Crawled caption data
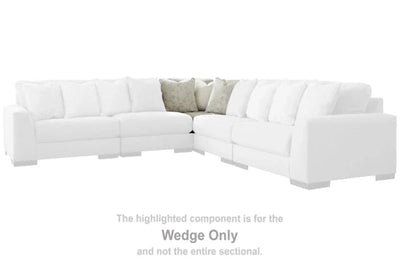 Lyndeboro WITH FREE TABLES - Al Rugaib Furniture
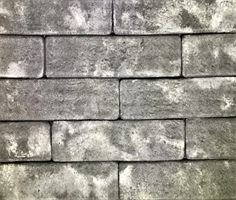 Клинкерная плитка Terra Synthesis гибкая "Основа"  8 мм 2264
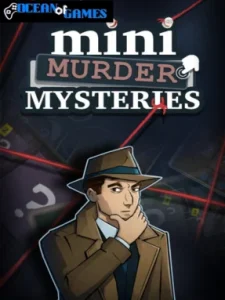 Mini Murder Mysteries ocean of games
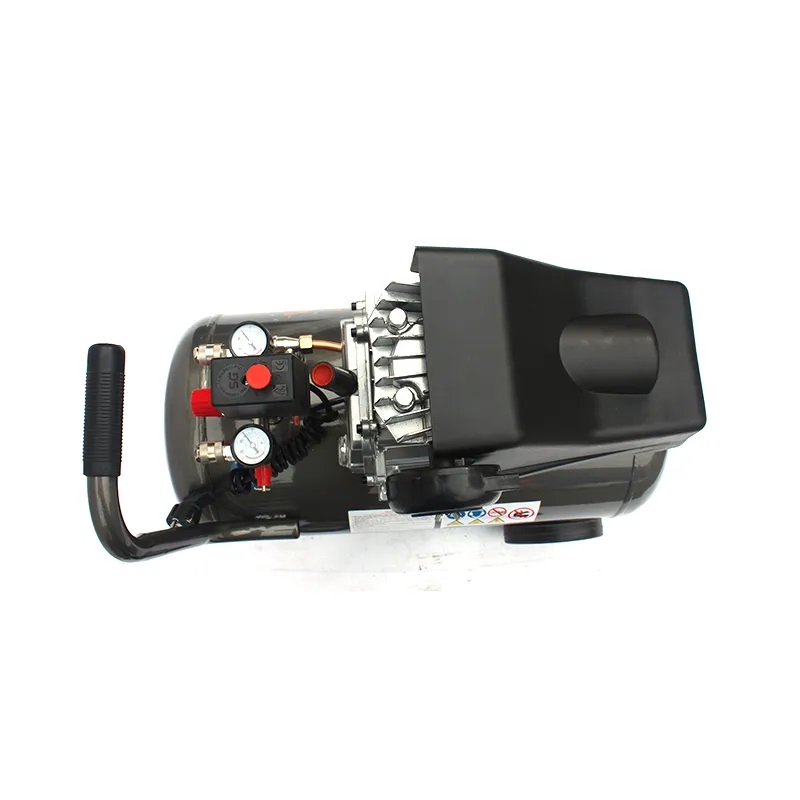 Компресор 50Л 1.5kW MAGNUM MP-16612
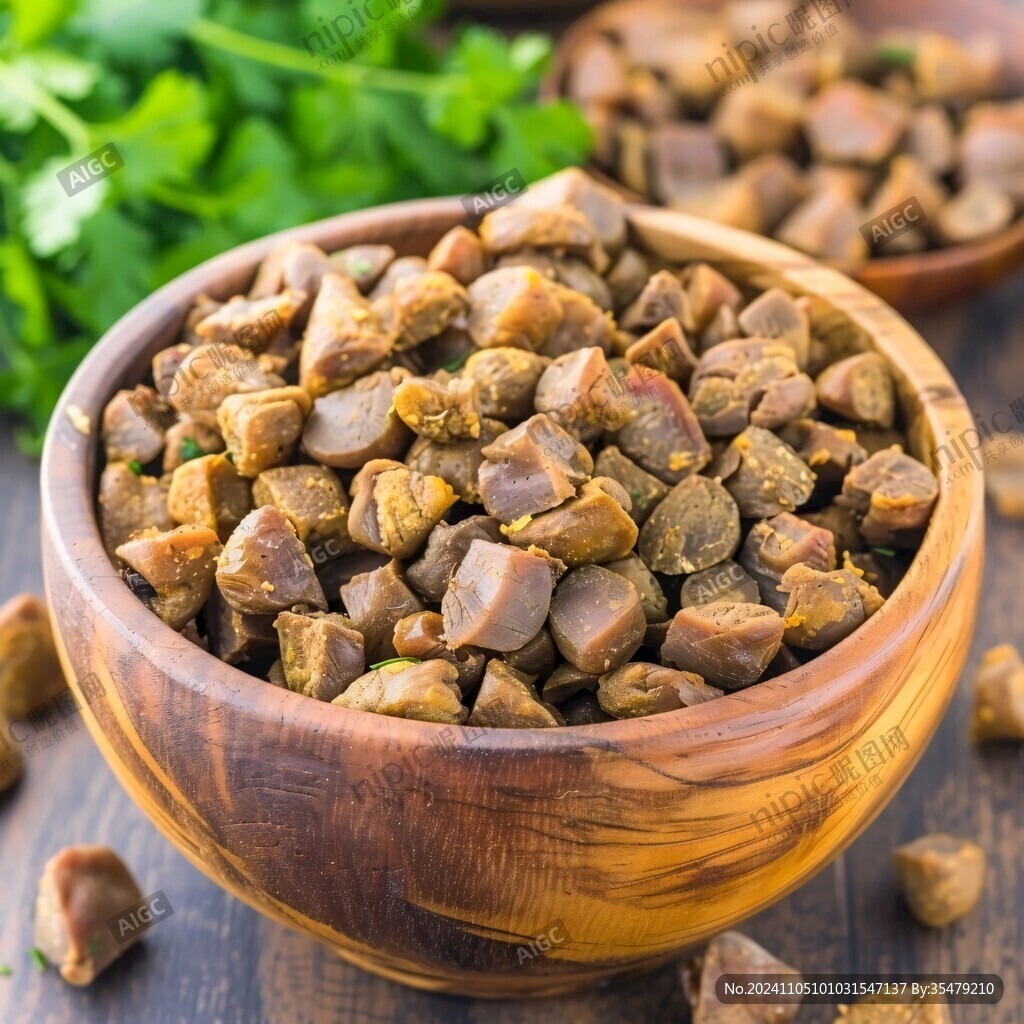 多肉混搭狗粮
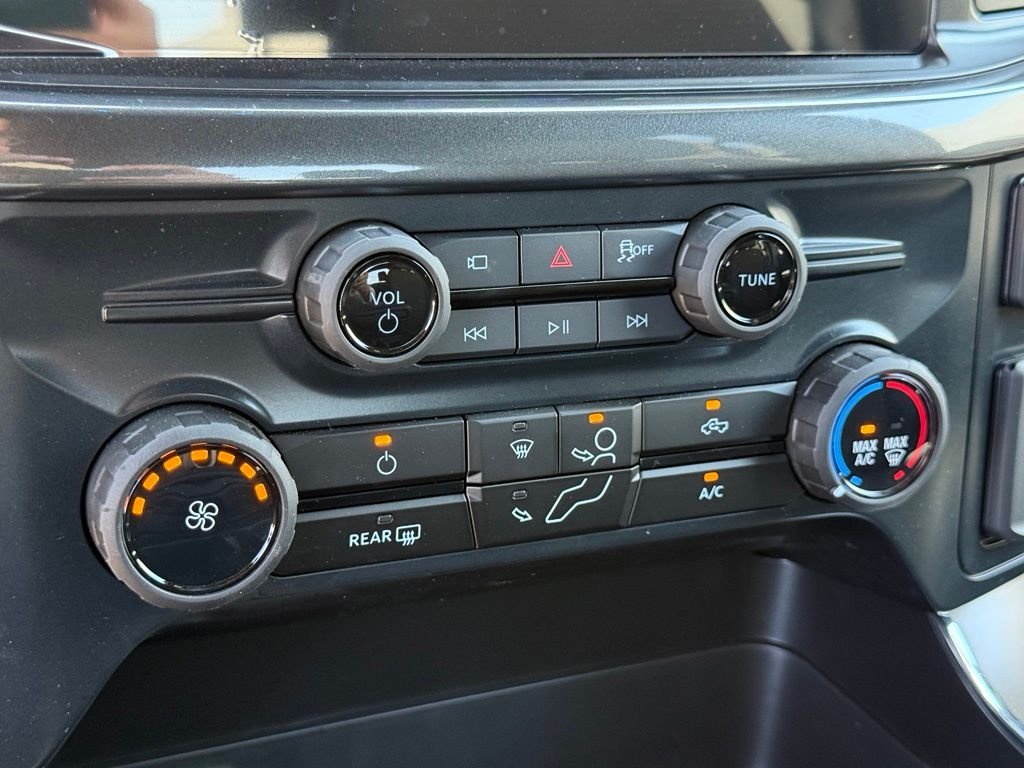 New 2026 Marsh Gray Ford STX® image 10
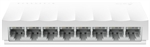 TP-Link LS1008 - Switch, 8 Ports, 1.6Gbps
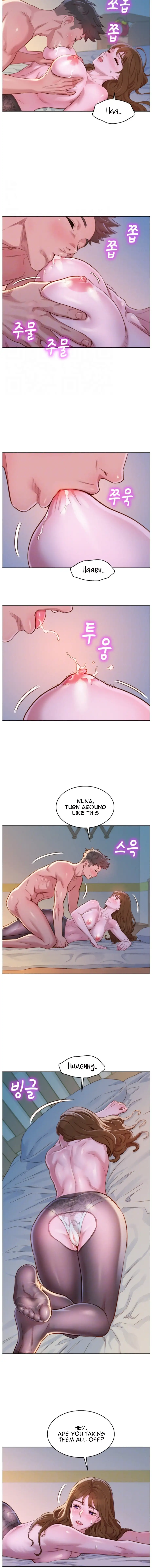 What Do You Take Me For? - Chapter 93 [photo 4] - MangaPorn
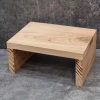 Giường Pallet Gấp Gọn Kiểu Nhật Bản - Gỗ Tự Nhiên Chắc Chắn, Giá 385.000₫ 2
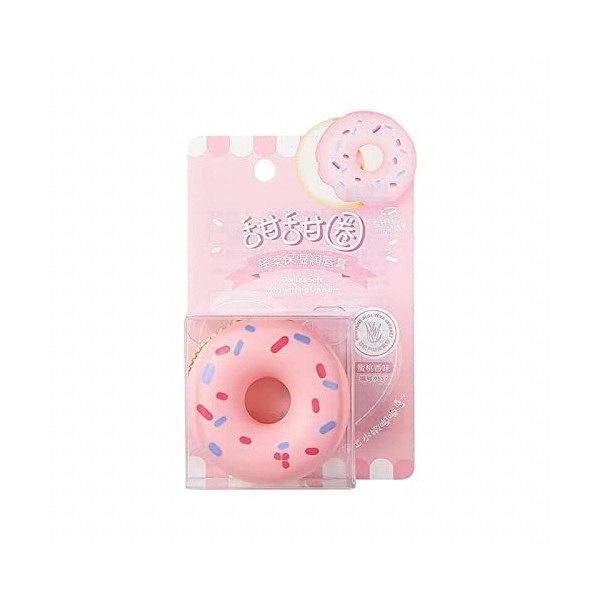 Butter Bio Rouge à lèvres sucette aromatisé aux fruits incolore hydratant bonbons rouge à lèvres hydratant lèvres non sèches 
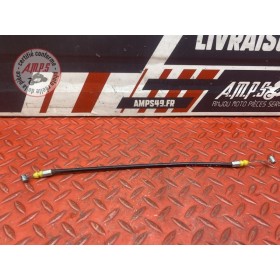 Cable de Verrou de selle Kawasaki Z750 2004 à 2006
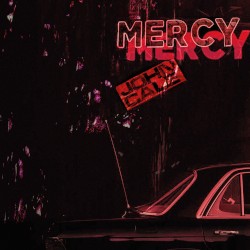 MERCY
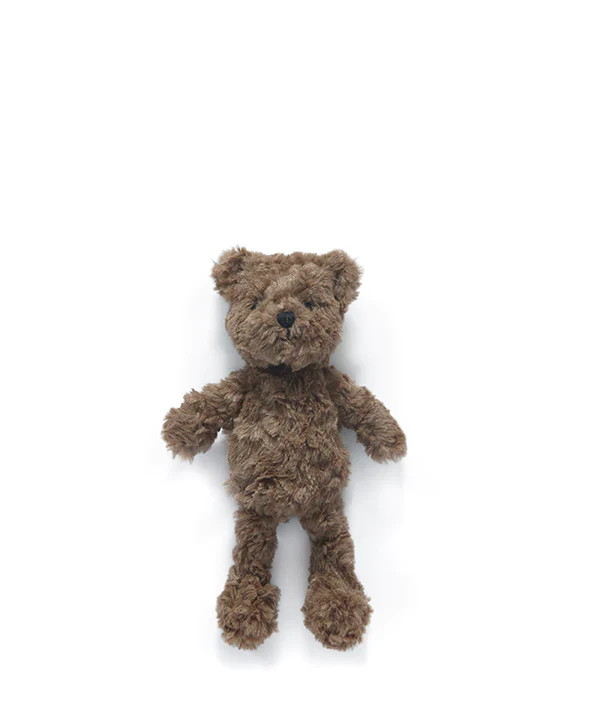 Mini Benny the Bear Rattle - Image 3
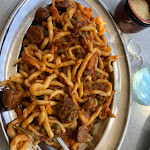 Photo n°1 de l'avis de Simone.a fait le 30/04/2018 à 11:32 sur le  Ristorante Squadrani à Rimini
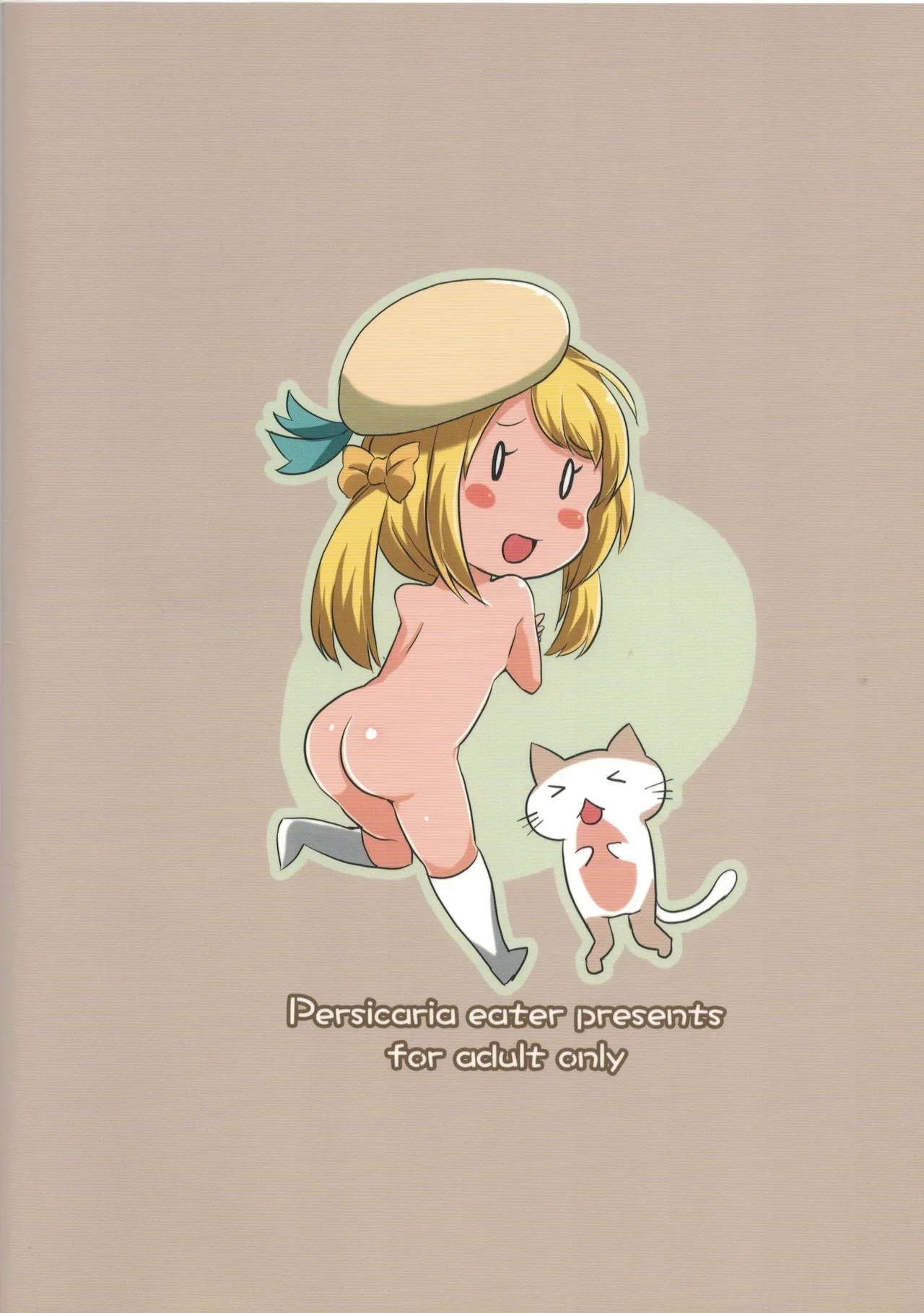 艦隊れでぃさみっと - Page 18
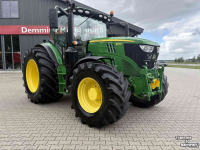 Tractor John Deere 6155R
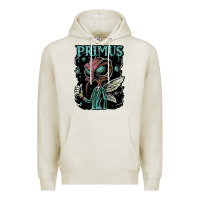 Primus 10s Men Premium Hoodie | Teevron
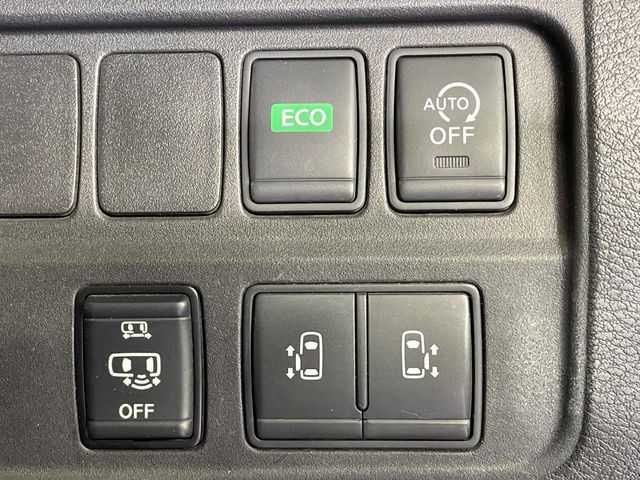 NISSAN SERENA  S-HYBRID 2017 Image 31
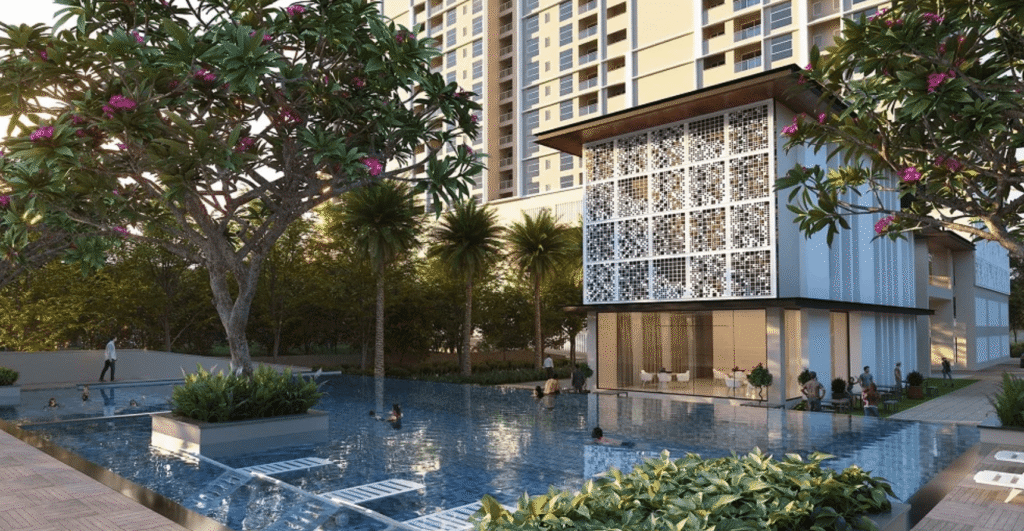Sobha Rajvilas — photo 8
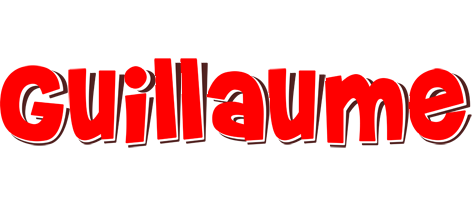 Guillaume basket logo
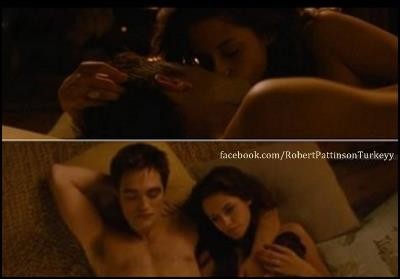 Alacakaranlık Efsanesi: Şafak Vakti Bölüm 2 Fotoğrafı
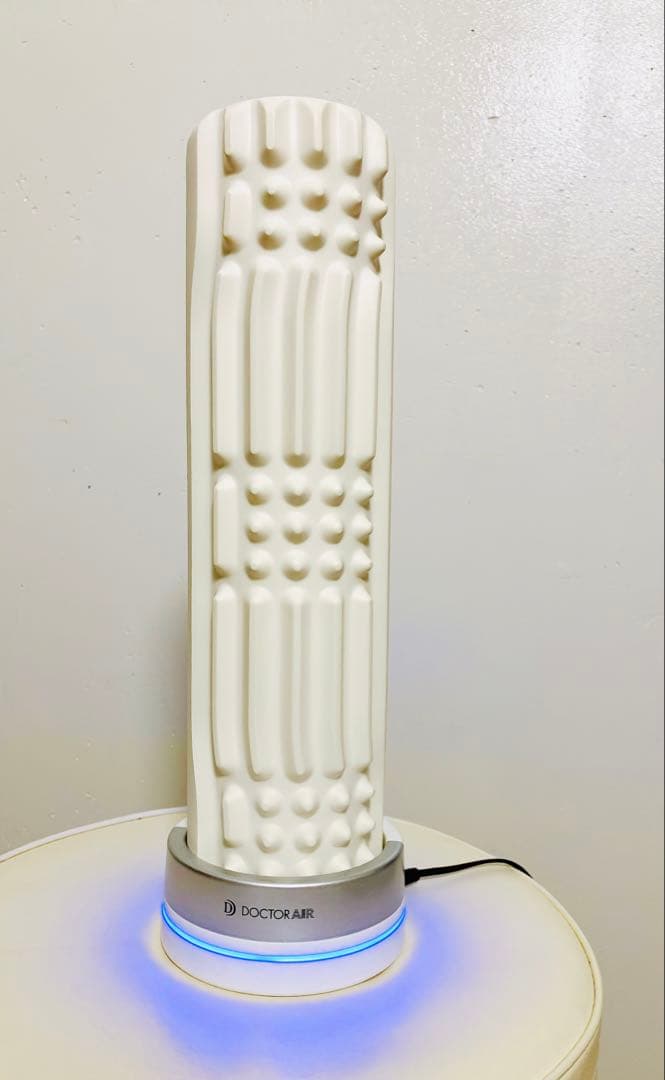 ドクターエア　ストレッチロール　フォームローラー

Assignment:
Beginning with the line that contains "Photo n°1 de", reproduce every line through the end of the records above exactly, leaving pictures out.

The answer:
 Photo n°1 de l'avis de Simone.a fait le 30/04/2018 à 11:32 sur le  Ristorante Squadrani à Rimini
 艦隊れでぃさみっと - Page 18
 Tractor John Deere 6155R
 Primus 10s Men Premium Hoodie | Teevron
 NISSAN SERENA  S-HYBRID 2017 Image 31
Sobha Rajvilas — photo 8
 Guillaume basket logo
 Alacakaranlık Efsanesi: Şafak Vakti Bölüm 2 Fotoğrafı
 ドクターエア　ストレッチロール　フォームローラー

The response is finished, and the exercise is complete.